▼
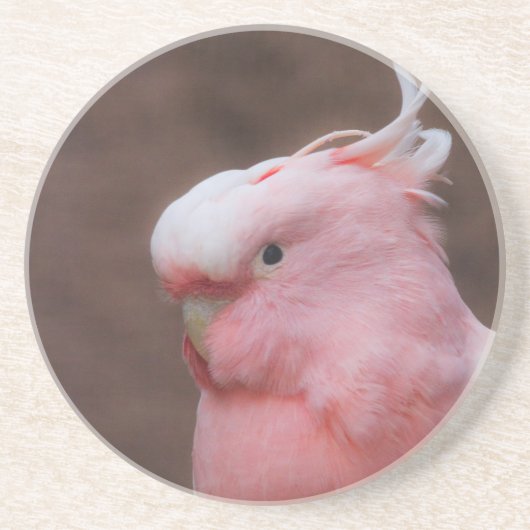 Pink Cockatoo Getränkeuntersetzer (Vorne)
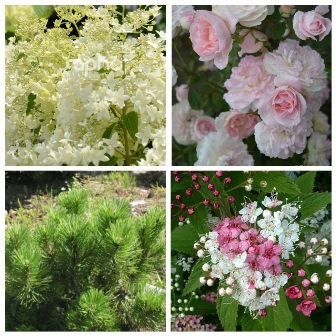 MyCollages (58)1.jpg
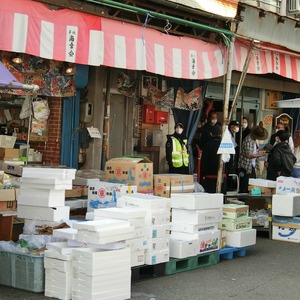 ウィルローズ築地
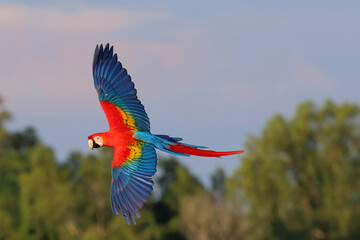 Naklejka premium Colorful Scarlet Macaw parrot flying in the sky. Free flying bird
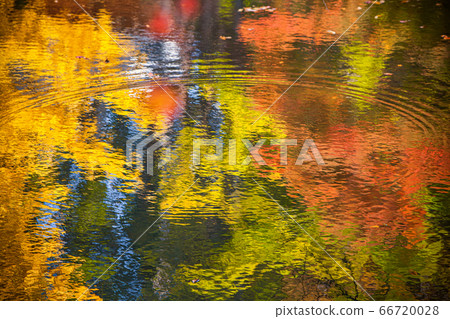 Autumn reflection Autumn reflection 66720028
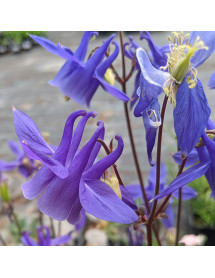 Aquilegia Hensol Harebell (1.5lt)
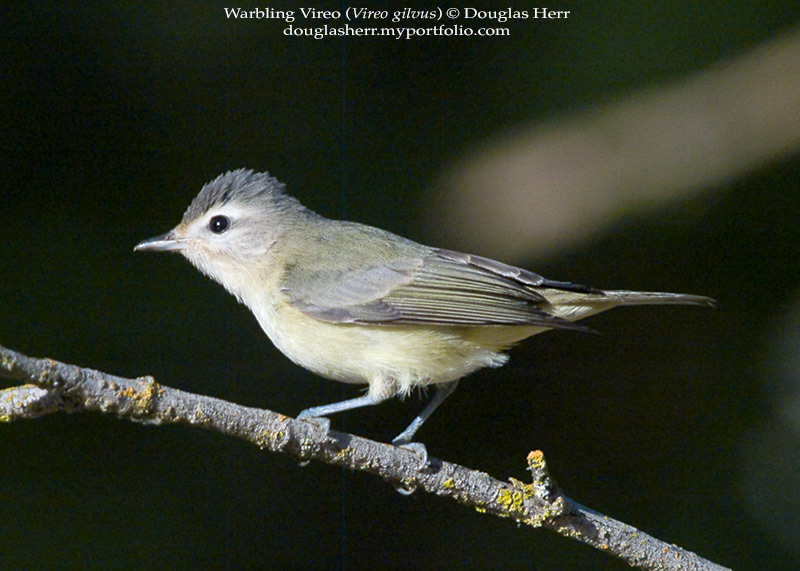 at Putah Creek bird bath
▲
Because the copy must hold no pictures, return only the lines that run from the line containing "Naklejka premium Colorful" to the end of the data above, each exactly as it stands.

— Result of this task —
 Naklejka premium Colorful Scarlet Macaw parrot flying in the sky. Free flying bird
 Autumn reflection Autumn reflection 66720028
 Aquilegia Hensol Harebell (1.5lt)
 at Putah Creek bird bath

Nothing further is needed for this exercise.